ACTION ITEM:
What you write must match, character for character, the lines from the one with "2020 Mazda Mazda3 Preferred photo 1" down to the one with "Spinnen-Cupcakes mit Salzkaramell" in the listing below, minus its pictures.
====== EXERCISE DATA ======
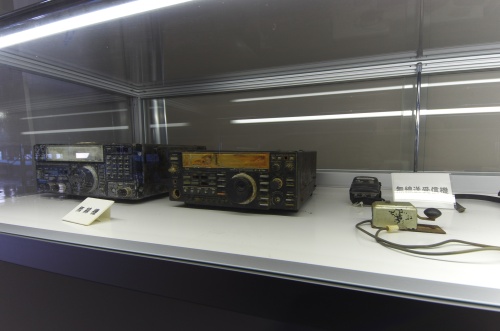 チンケな電鍵とアイコム製無線機と受信機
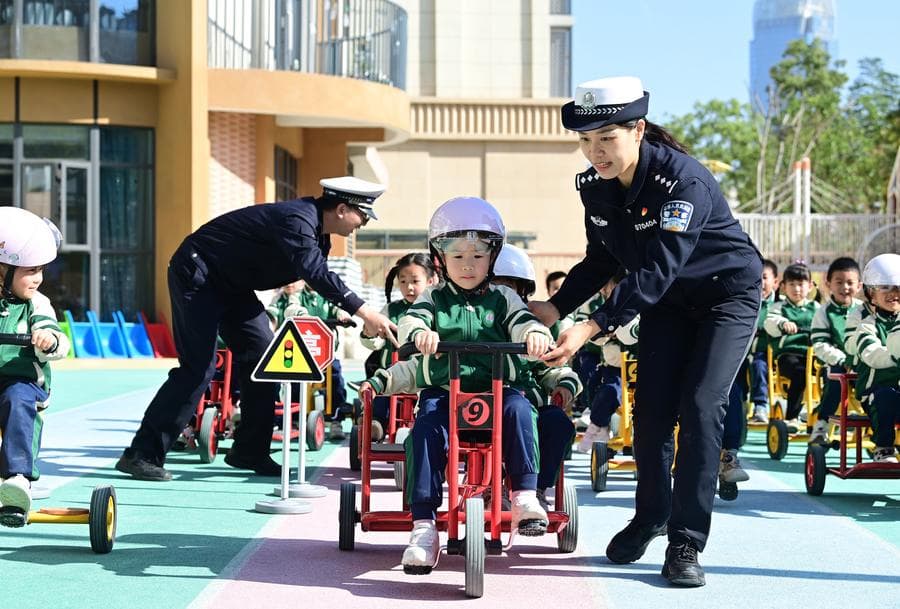 เด็กจีนร่วมกิจกรรมเรียนรู้ทักษะ รับวันความปลอดภัยทางการจราจร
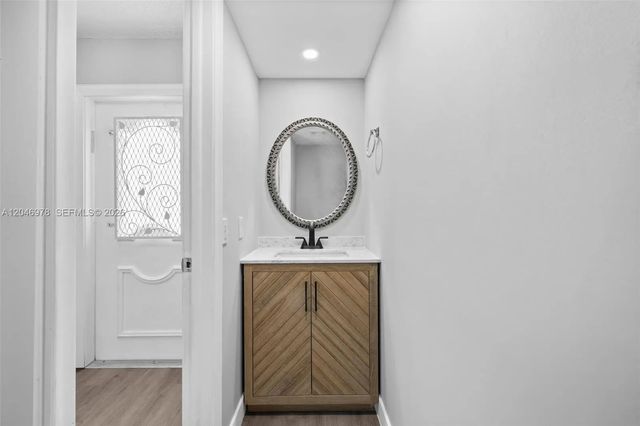 3 of 35 - 2408 Ne 10th Street #122, Hallandale Beach, FL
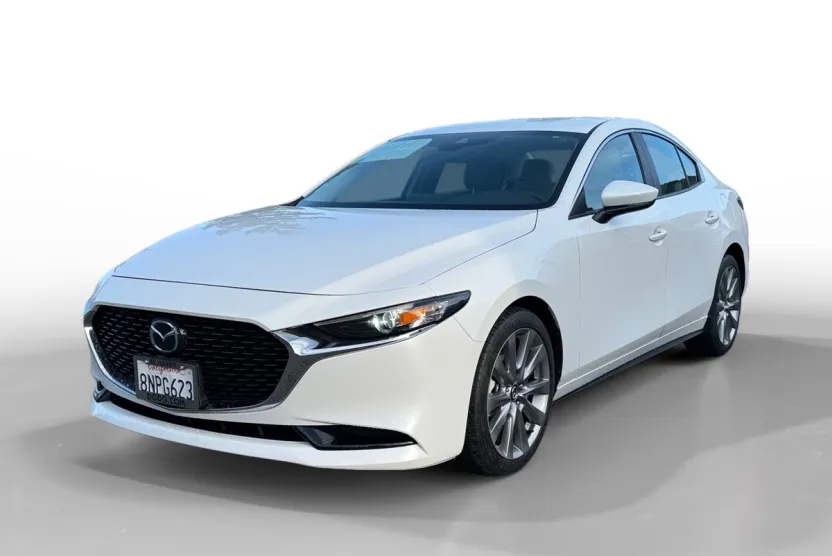 2020 Mazda Mazda3 Preferred photo 1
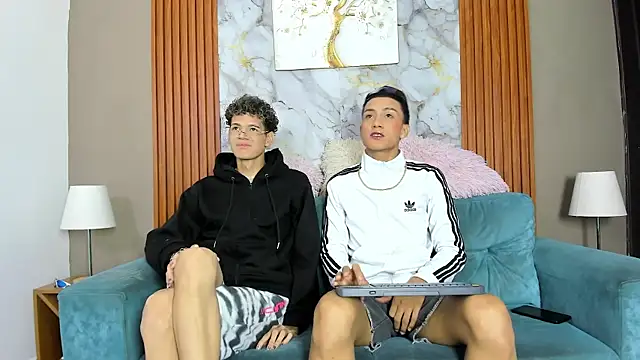 KING BOYS2026 online show from April 30, 1:11 am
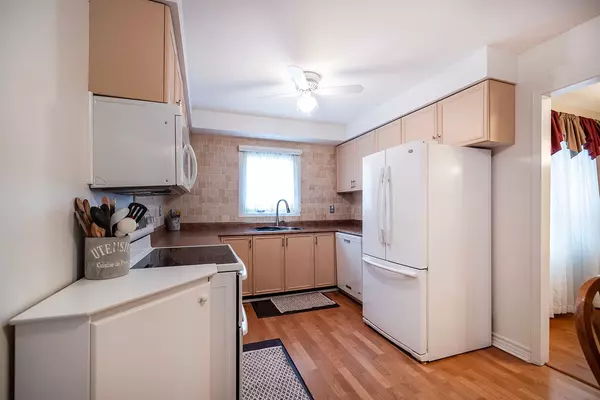 Ajax, ON L1T 2S5,69 Dakin DR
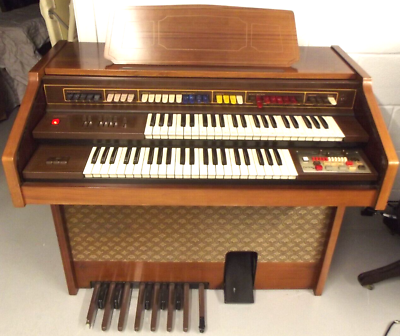 Vintage sale farfisa organ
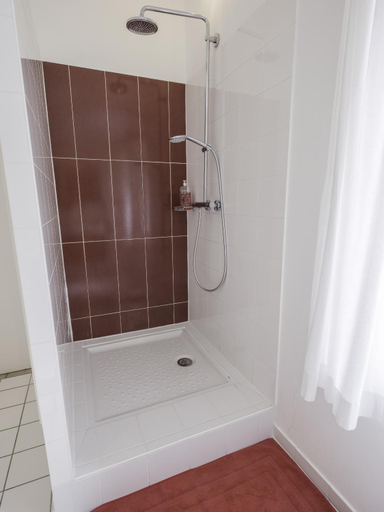 Bathroom 5, La Moutiere, Drôme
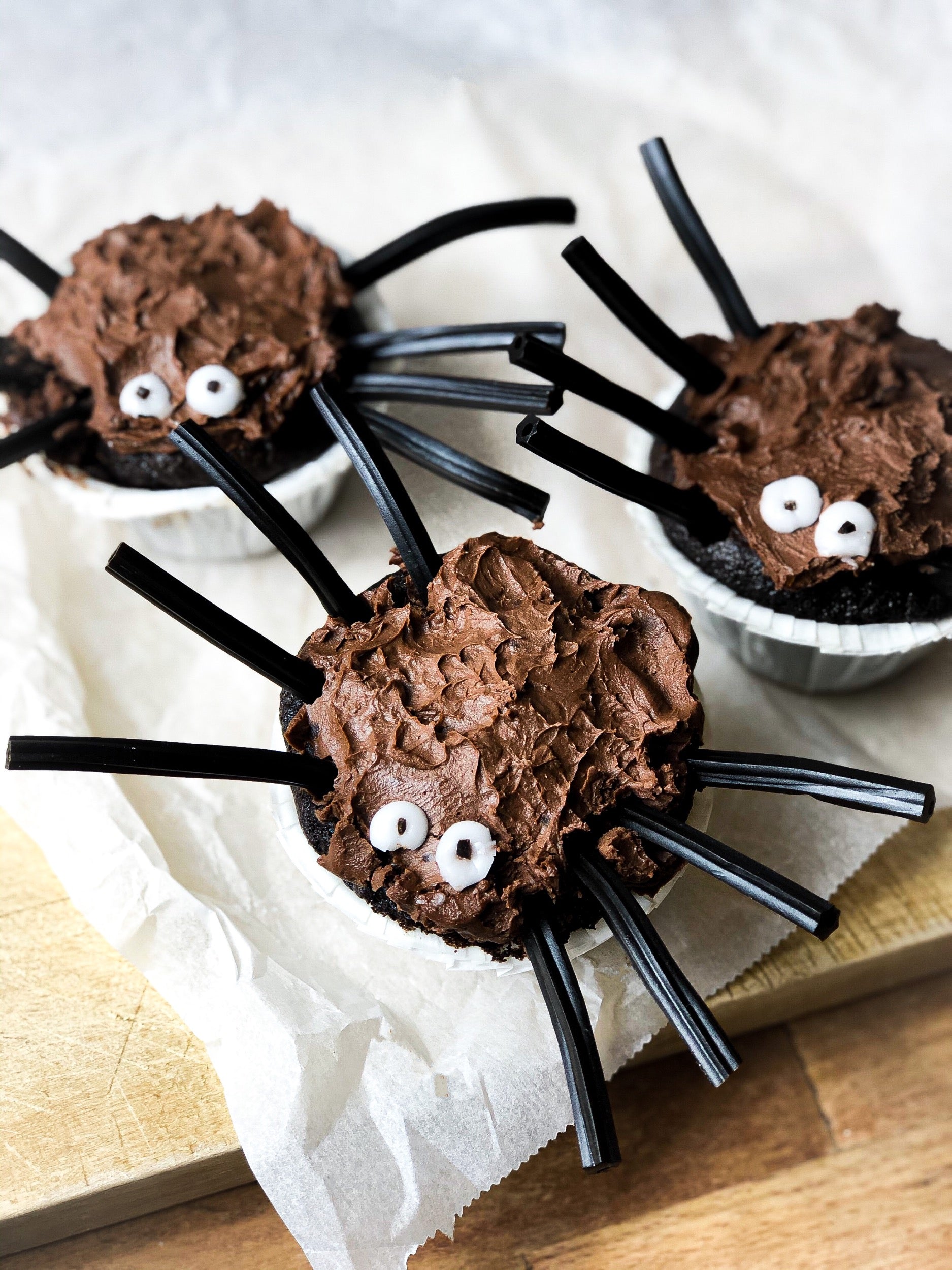 Spinnen-Cupcakes mit Salzkaramell und 03 Stout Trebermehl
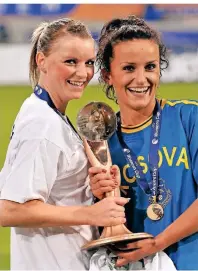  ??  ?? Corina Schröder (l.) und Fatmire Bajramaj präsentier­en 2009 den UEFA Women‘s Cup in der damaligen Msv-arena Duisburg.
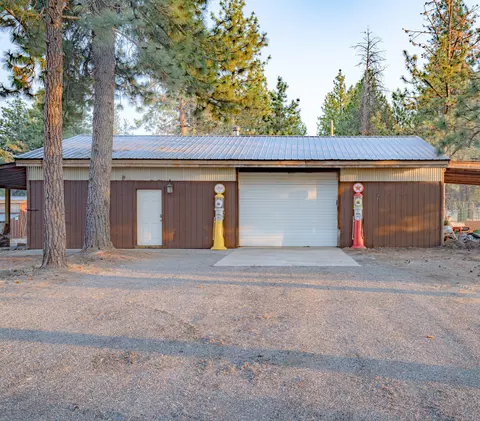 60647 Antler Rd, Bend, OR 97702 photo 39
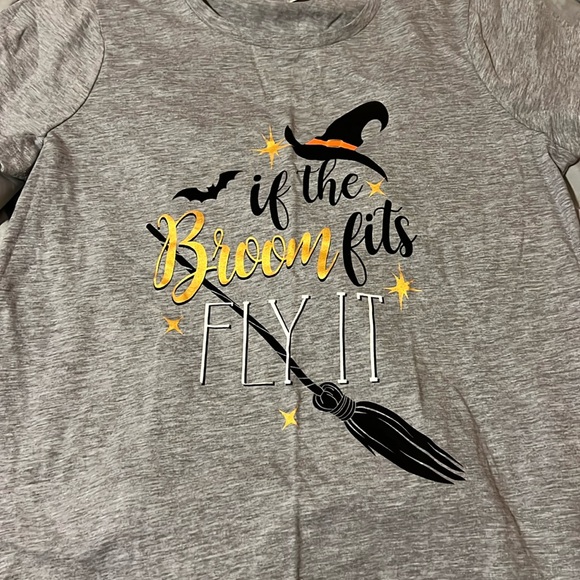 Tops - Women’s T-shirt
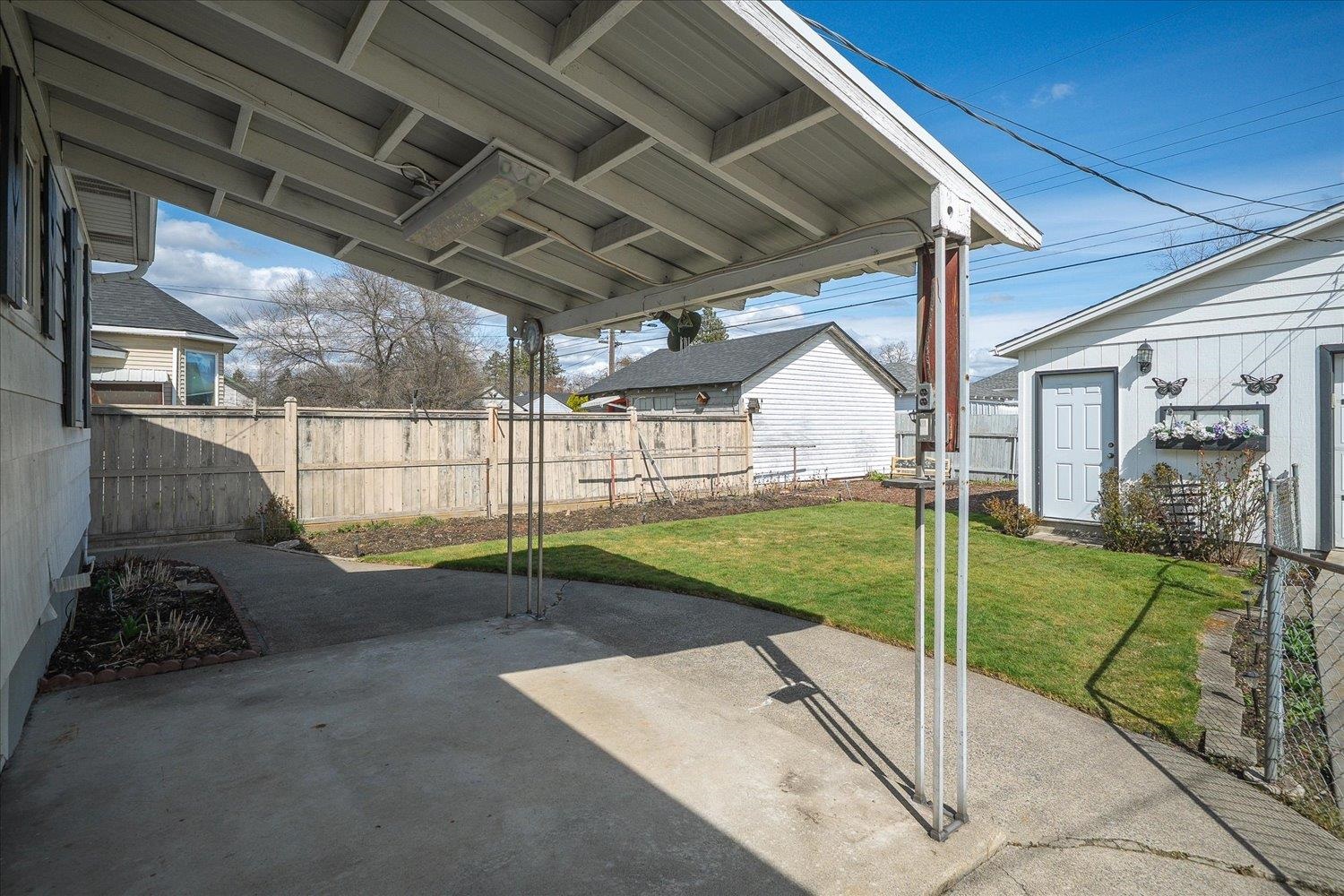 4724 N Post St - Photo 33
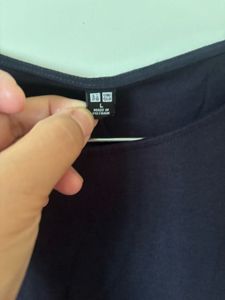 Uniqlo Ruffle Sleeves Top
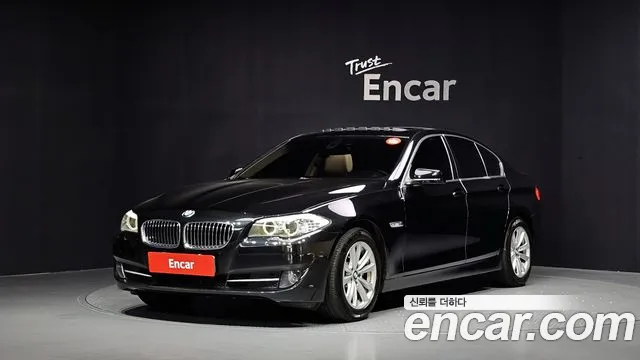 BMW 5-Series 2011 — photo 1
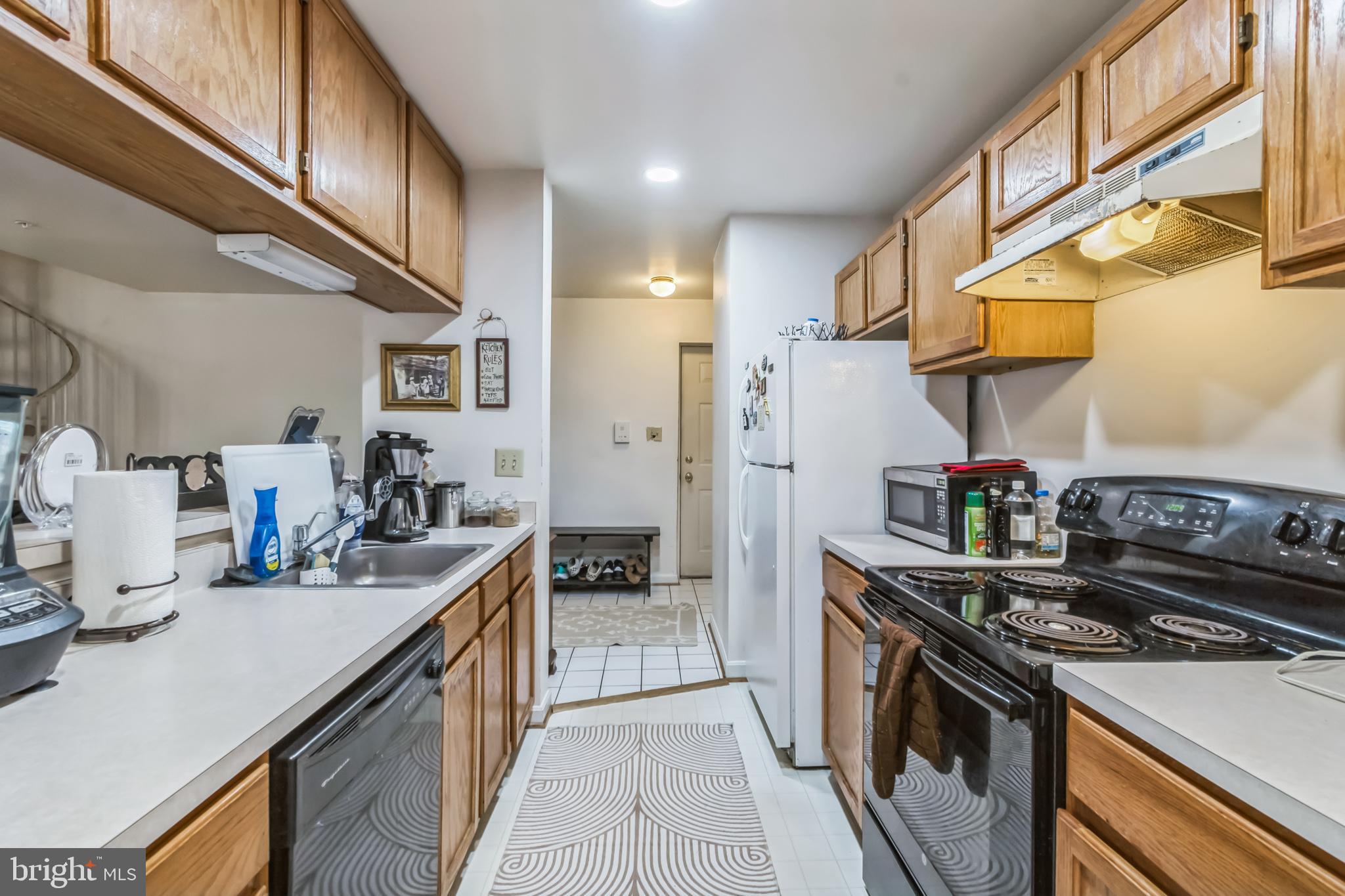 9715 LAKE POINTE COURT 304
======
RESPONSE:
 2020 Mazda Mazda3 Preferred photo 1
 KING BOYS2026 online show from April 30, 1:11 am
 Ajax, ON L1T 2S5,69 Dakin DR
 Vintage sale farfisa organ
 Bathroom 5, La Moutiere, Drôme
 Spinnen-Cupcakes mit Salzkaramell und 03 Stout Trebermehl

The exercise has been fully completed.